Дюрталь любил это уединенное место, где пахло склепом и болотом, а еще отдавало диковатым запахом молодого кабанчика, который идет от земли, пропитавшейся листвяным перегноем.
Он бродил вдоль и поперек по этим аллеям, куда никогда не выходил епископ и только детишки из церковного хора бегали в часы досуга, вытаптывая остатки лужаек, уцелевших в соборной тени.
На каждом шагу под ногами трещали черепицы, сорванные бурями с крыш и упавшие на дорожки; их треск, перекликаясь, тревожил тишину парка.
Дюрталь подошел к террасе, нависавшей над городом, и облокотился на балюстраду из серого, сухого, пористого камня, похожего на пемзу, расцвеченного оранжевыми и бледно-желтыми лишайниками.
Под ним тянулась долина, вся полная крыш с дымящимися трубами, из-за которых верхняя часть города была вся покрыта синеватой дымкой. Ниже было неподвижно, безжизненно: дома спали беспробудно, даже редких вспышек света, какие бывают, когда открывают фрамугу, не было видно; ни одного красного пятнышка, которых столько бывает на улице в провинции, когда перкалевый пуховик вывесят на подоконнике; все закрыто, все бесцветно, все молчит — не слышно даже глухого пчелиного гула, который всегда стоит над населенным местом. Разве что прокатится вдалеке тележка, щелкнет бич, залает собака, а больше ни звука: город оцепенел, окрестности вымерли…
А на другом берегу, над долиной, еще немей и мрачней; сколько хватает глаз, расстилаются неулыбчивые равнины Боса под равнодушным небом, испорченным гнусной казармой, построенной прямо напротив собора.
Тоска луговин тянулась и тянулась — ни бугорка, ни деревца! Смотришь и понимаешь; за горизонтом она все так же бежит, все такая же плоская; только там к однообразию пейзажа еще добавляется резкое бушеванье ветров, завывающих бурей, выметающих склоны холмов, срезающих все верхушки, слетающихся к этому храму, что стоит на самой высоте и много столетий отражает усилья стихий. Чтобы выдрать его, нужно было, чтоб молния запалила его башни, но и соединенными усилиями ураганы и молнии не сумели убрать старый корень, после каждого разоренья вновь крепившийся в почве, вновь и вновь зеленевший все более сильными побегами!
В то утро, в Шартре, на рассвете дождливого дня, прохваченный ветром, Дюрталь почувствовал себя плохо и, подрагивая, сошел с террасы, укрылся в аллеях потише, а потом спустился и еще ниже, в другие сады, где от ветра худо-бедно укрывали густые кусты; сады беспорядочно рассыпались по склону; заросли шелковицы кошачьими когтями своих стеблей цеплялись за кустарники, все ниже и ниже спускавшиеся по холму.

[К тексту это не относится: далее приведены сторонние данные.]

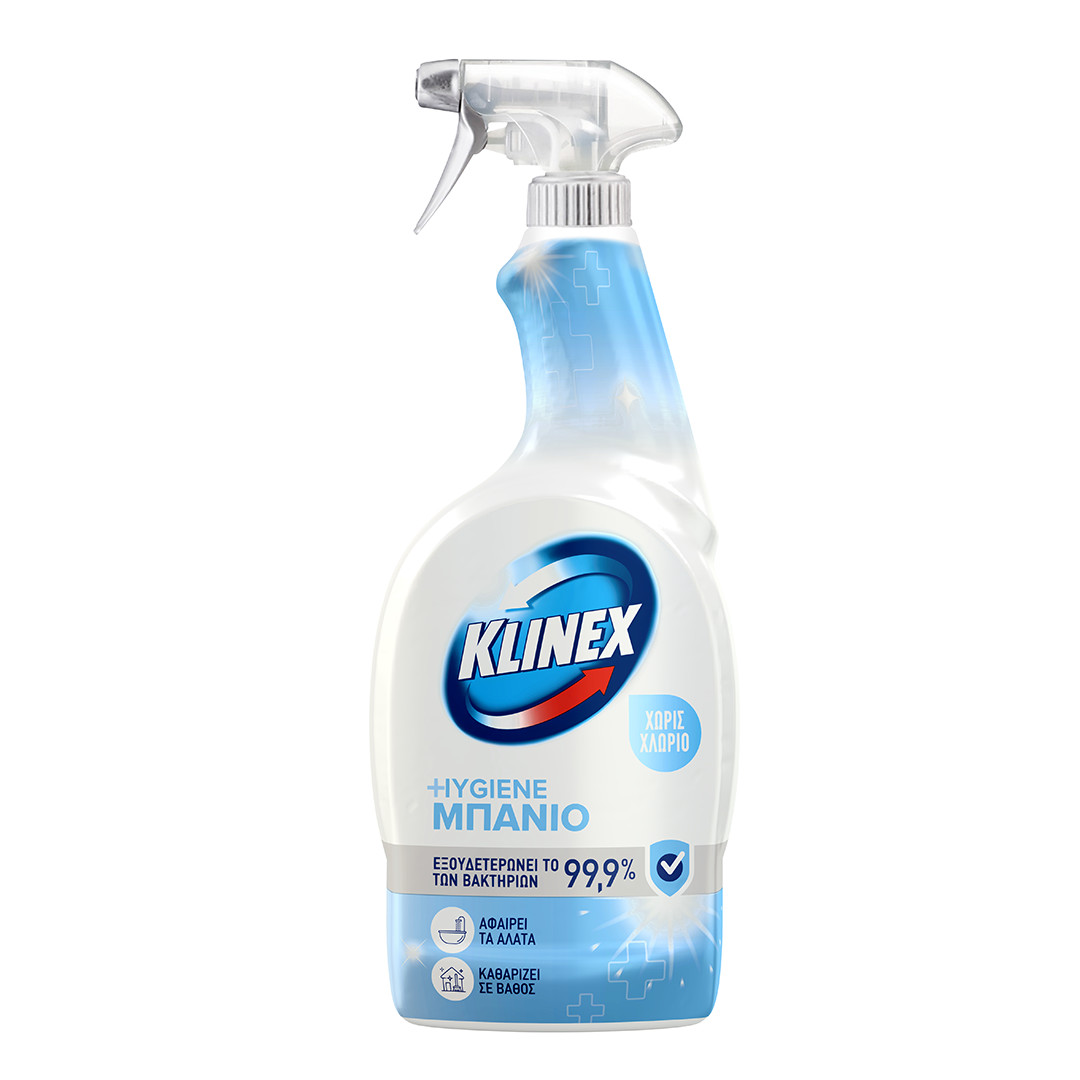 Klinex Spray Hygiene Μπάνιο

Становилось понятно, что уже в стародавние времена епископы за безденежьем перестали заниматься садовыми культурами. Из всех старых огородов, заполоненных ежевикой, только один был кое-как расчищен; рассада шпината и моркови торчала там вперемежку с обындевевшими широкими вазами капусты.
Дюрталь уселся на бревно, остаток бывшей скамейки, и постарался заглянуть в самого себя, но и в душе тянулись босские равнины; казалось, этот монотонный холодный пейзаж отражался в нем, как в зеркале, вот только буря там больше не бушевала — дул упрямый сухой ветерок. Дюрталю было скверно, он мучил себя; никак не получалось увещевать себя спокойно: совесть теребила его, затевала брюзгливую перебранку.
Гордость! Как ее хотя бы приглушить, пока не получается свести совсем на нет? Она втирается в тебя так коварно, так лукаво, что, глядишь, уже всего повязала, а ты еще и не подозревал, что она тут; к тому же у меня несколько особый случай, который трудно лечится теми средствами, что обычно употребляет Церковь. Ведь у меня, думал он, не наивная, внешне выраженная гордость, не такое превозношение, что не сознает само себя, зато является всем вокруг; нет, мое тщеславие — это именно то, что простодушно назвали этим словом в Средние века, «тщетная слава», эссенция гордыни, растворенная в суетности, что испаряется внутри меня в мимолетных помыслах, в совершенно незаметных размышлениях. Поэтому мне не подходит средство для гордецов откровенных: следить за собой и стараться побольше молчать. Ведь и вправду, когда говоришь, сейчас и начнется благовидное самохвальство, прикровенное хвастовство; это еще как-то можно заметить, а тогда, если есть воля и терпенье, ты властен остановиться и заткнуть себе рот; но мой-то порок немой и подпольный; он не выходит наружу, я не вижу его и не слышу. Он течет и подползает потихоньку, а потом набрасывается прежде, чем я замечу, что он уже здесь!